Heilbronn - Alle reden von Nachhaltigkeit, auch im Städtebau. Für das genaue Gegenteil stehen, respektive standen, die Fußgängerunterführungen in der Heilbronner Allee. Sie waren zwischen 1971 und 1982 installiert worden: weil die Stadtväter meinten, für eine Großstadt gehöre es sich, Autos freie Fahrt zu ermöglichen und Fußgänger in den Untergrund zu verbannen. Der damalige Oberbürgermeister Hans Hoffmann sprach "von einem Beitrag zur modernen Regional-Metropole". Inzwischen denken die Verantwortlichen anders, von zwischenzeitlich vier Unterführungen in der Allee ist heute nur noch eine übrig: die Theaterpassage.

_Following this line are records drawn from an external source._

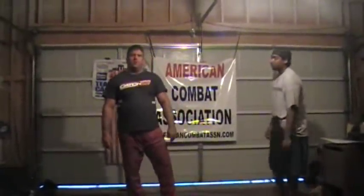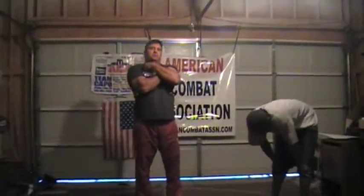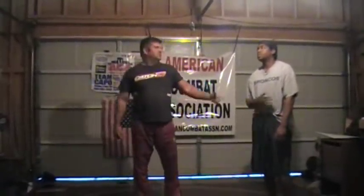We're going to do some neck cranks, and neck cranks are a lot different than chokes. You slap a choke on somebody, you're cutting their blood supply off, you're putting them to sleep. With neck cranks, you're putting somebody in pain, and they're in conscious pain. Jason is quickly becoming a master of neck cranks, and I'm going to do a few neck cranks on him.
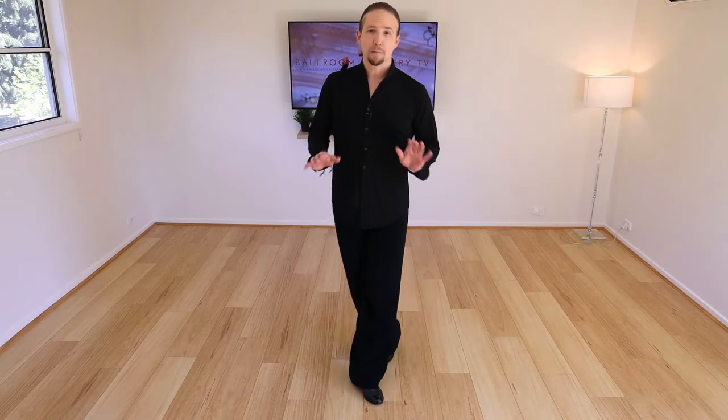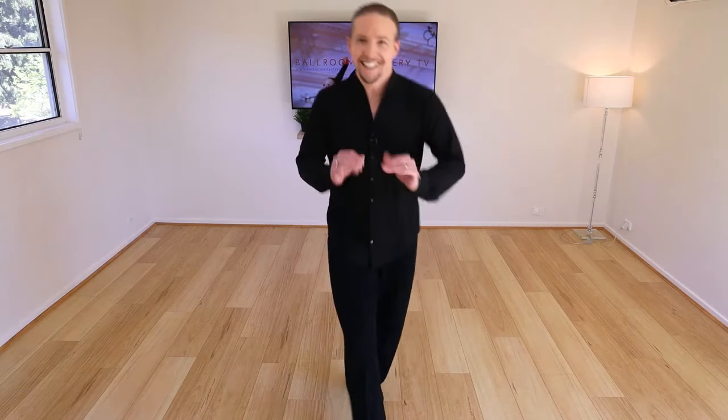Now we have to really talk about something quite important. We hear the word 'lock' in cha-cha. You know what we don't hear? Unlock!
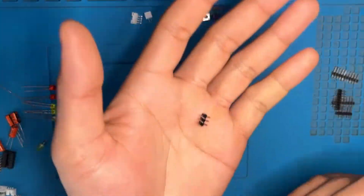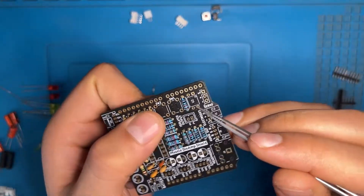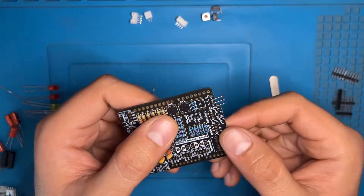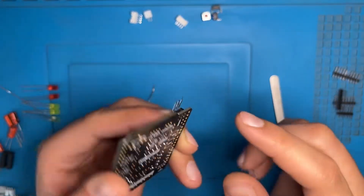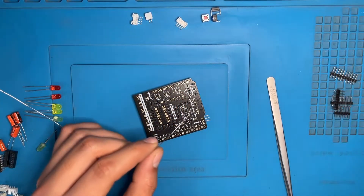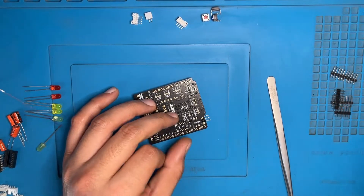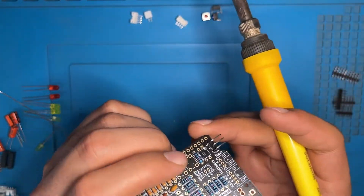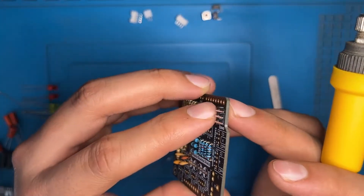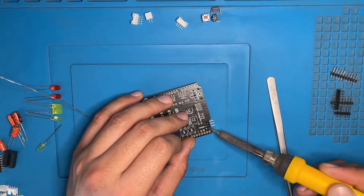Now we have the servo header pin — this is used to connect your servo motor to the PCB. Hold your PCB in your hand and insert the servo header pin like this — the longer leg should be outside. Place your finger on the black part and turn the PCB upside down. Solder only the middle leg of the servo header pin first. After soldering you can turn it upside down again and check that the header pin is intact properly. If it is not, you can re-solder the center pin and place it in the proper position. After you have confirmed the location, you can solder the other two pins also.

Harmonie I: Vor genau 40 Jahren, am 29. Juni 1971, wurde zwischen Harmonie und Hafenmarktpassage die erste unterirdische Furt eingeweiht, und mit ihr die ersten sechs Heilbronner Rolltreppen unter freiem Himmel. Die Baukosten für das 55 Meter lange und sechs Meter breite Bauwerk fielen mit 1,7 Millionen Mark relativ bescheiden aus. Den Eintritt ins Schwabenalter verpasste diese Passage knapp: Dieses Frühjahr begannen Bagger im Zuge des Ausbaus der Allee zur Stadtbahntrasse mit dem Rückbau. Geschlossen worden war sie aber bereits 2005. Anlass dazu gab ein Brand, aber auch die Tatsache, dass allein die Rolltreppen monatlich 3000 Euro Reparaturkosten verschlangen. Eine schon 2002 ins Spiel gebrachte Idee, dort eine Bar einzurichten, ging unter.
Harmonie II: Wenige Wochen nach der ersten sollte unter der Kreuzung Allee-Kaiserstraße-Moltkestraße eine zweite Passage folgen. Zehn Millionen Mark steckte die Stadt in den Hohlraum. Er war halb so groß wie ein Fußballplatz und mit allerhand Läden, "Stadtschenke", Kiosk, Rampen, Rolltreppen, einem Zugang zur Harmonie-Tiefgarage und mit öffentlichen Toiletten ausgestattet − die zum Drogentreff verkamen. 1999 wurde das Ganze für 1,4 Millionen Mark zugeschüttet, weil die Decke die nahende Stadtbahn nicht getragen hätte. Weil sie sich 1993 mit 820 000 Mark an einer 3,3 Millionen Mark teuren Sanierung beteiligt hatte, forderte die Volksbank von der Stadt Geld zurück − und unterlag nach einem verbissenen Rechtsstreit, bei dem die Bank am Ende 166 000 Euro verspielte, die ihr die Stadt im Falle eines Vergleichs freiwillig gegeben hätte. Dies nur am Rande.
Postpassage: 1980 wurde für 8,5 Millionen Mark die Postpassage gebaut: aus Gründen der Verkehrssicherheit, hieß es. Schließlich trafen auf der zur Stadtautobahn mutierten Allee an dieser Stelle täglich 20 000 Fußgänger auf 40 000 Autos. Von 1830 Quadratmetern wurden 615 von Läden und von der "Frankenstube" genutzt. Doch trotz der Mieteinnahmen schrieb die Stadt rote Zahlen, vor allem wegen hoher Wartungsarbeiten für die Rolltreppen. Nach dem Schließungsbeschluss wurde lange über alternative Nutzungen diskutiert. Doch ein Investor fand sich nicht. 815 000 Euro flossen 2008 in den Rückbau der Zugänge, der Hohlraum besteht noch.
Theaterpassage: Mit dem Theaterneubau entstand 1982 unter dem Berliner Platz eine Tiefgarage. Parallel zur östlichen Zufahrt verläuft die Theaterpassage, ihre Kosten liegen inzwischen im Dunkeln. Fußgänger trifft man in dem 35 langen und sechs Meter breiten Schlauch auch kaum noch.